Cualquier Gobierno puede, dentro del ámbito de sus competencias, prohibir esto y aquello. Se pueden cancelar actividades programadas. Se puede tener al cien por cien de los efectivos policiales haciendo rondas de vigilancia por la calle las veinticuatro horas del día. Pero si no hay una íntima convicción de que no hay que realizar ciertas actividades, de que hay que realizar otras con una serie de medidas de precaución que no son aquellas a las que estábamos acostumbrados, el progreso del virus será imposible de detener… hasta que no haya una vacuna que una red de Sanidad pública pueda comprar o producir y administrar al conjunto de la población.

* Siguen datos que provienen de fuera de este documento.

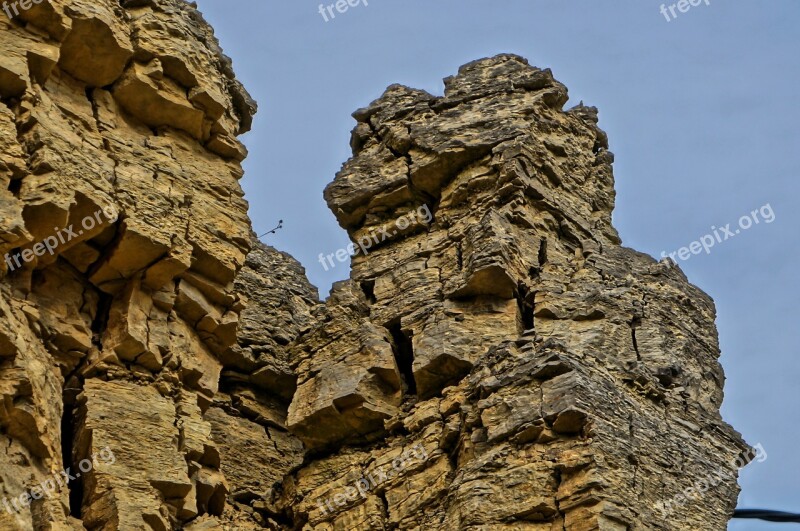 Rock Schroff Landscape Stone Steep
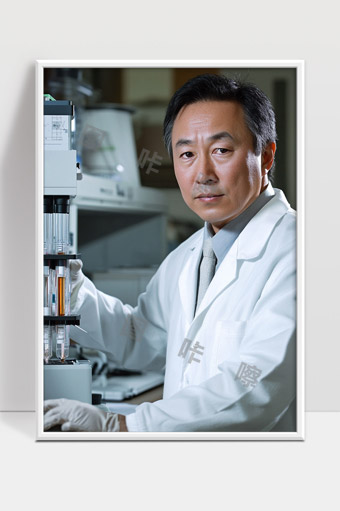 实验室科研人员在先进设备前进行科学实验研究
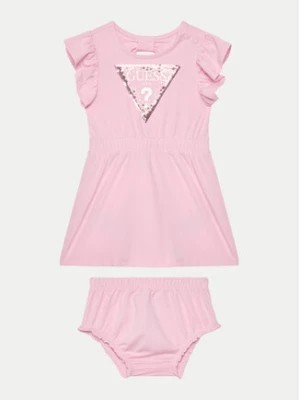 Zdjęcie produktu Guess Sukienka codzienna A4GK06 K6YW4 Różowy Regular Fit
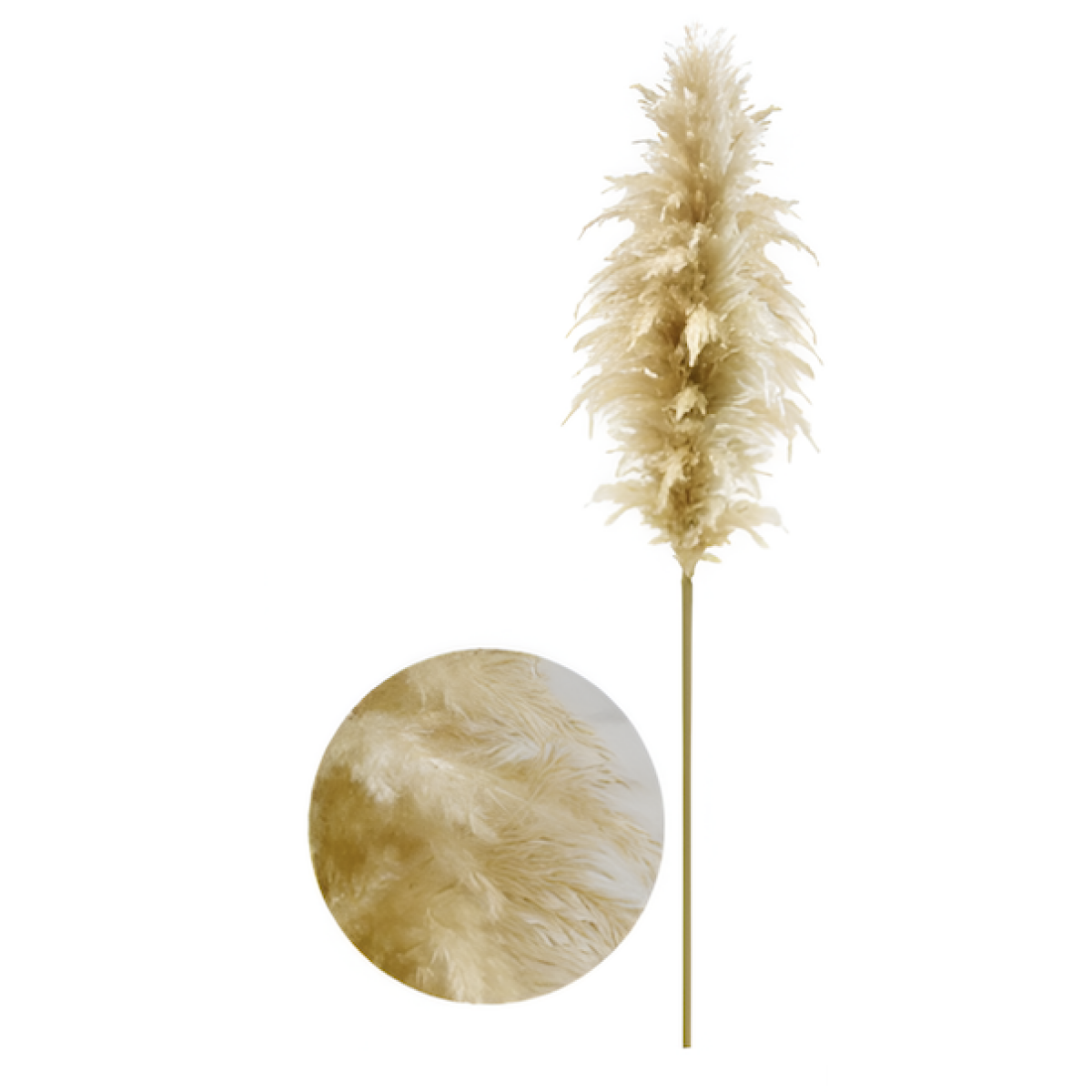 Τεχνητό Διακοσμητικό Κλαδί Pampas Grass 130cm 88127 - Image 3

Algunos se empeñan en discutir las palabras y en quitarles contenido a términos como el de «nueva normalidad». Pero en realidad es un término muy explícito y conveniente. Porque lo que nos espera, probablemente en el curso del próximo año o año y medio, es un tipo de vida distinto al que conocíamos. No se trata de un corto paréntesis del cual estamos deseosos de salir porque estamos convencidos de que no va a ser más que eso: un corto paréntesis. Es que vamos a tener que reinterpretar las relaciones sociales y ser capaces de introducir en ellas elementos relacionados con la precaución y la seguridad. Y hacerlo cada cual por su cuenta.

Está bien pedir a la administración correspondiente que cancele, prohiba y vigile cada vez más cosas, pero hay que saber que algunas de las exigencias no podrán ser cumplidas por falta de medios y que otras no serán suficientemente eficaces porque siempre habrá alguna persona que, por simple despreocupación o por una temeraria conducta antisocial, estén dispuestas a romper las reglas de la seguridad.

Cuando las madres (o padres) de hace un tiempo respondían con ese «pues cómprate un mono» a sus hijos o hijas que se quejaban de estar aburridas, en ningún caso les estaban dando permiso para incendiar la casa, si eso era lo que el niño o niña entendía que le iba a sacar del aburrimiento. No incendiemos, entonces, la casa común, aunque la falta de un policía vigilándonos en el momento preciso nos dé la oportunidad para hacerlo.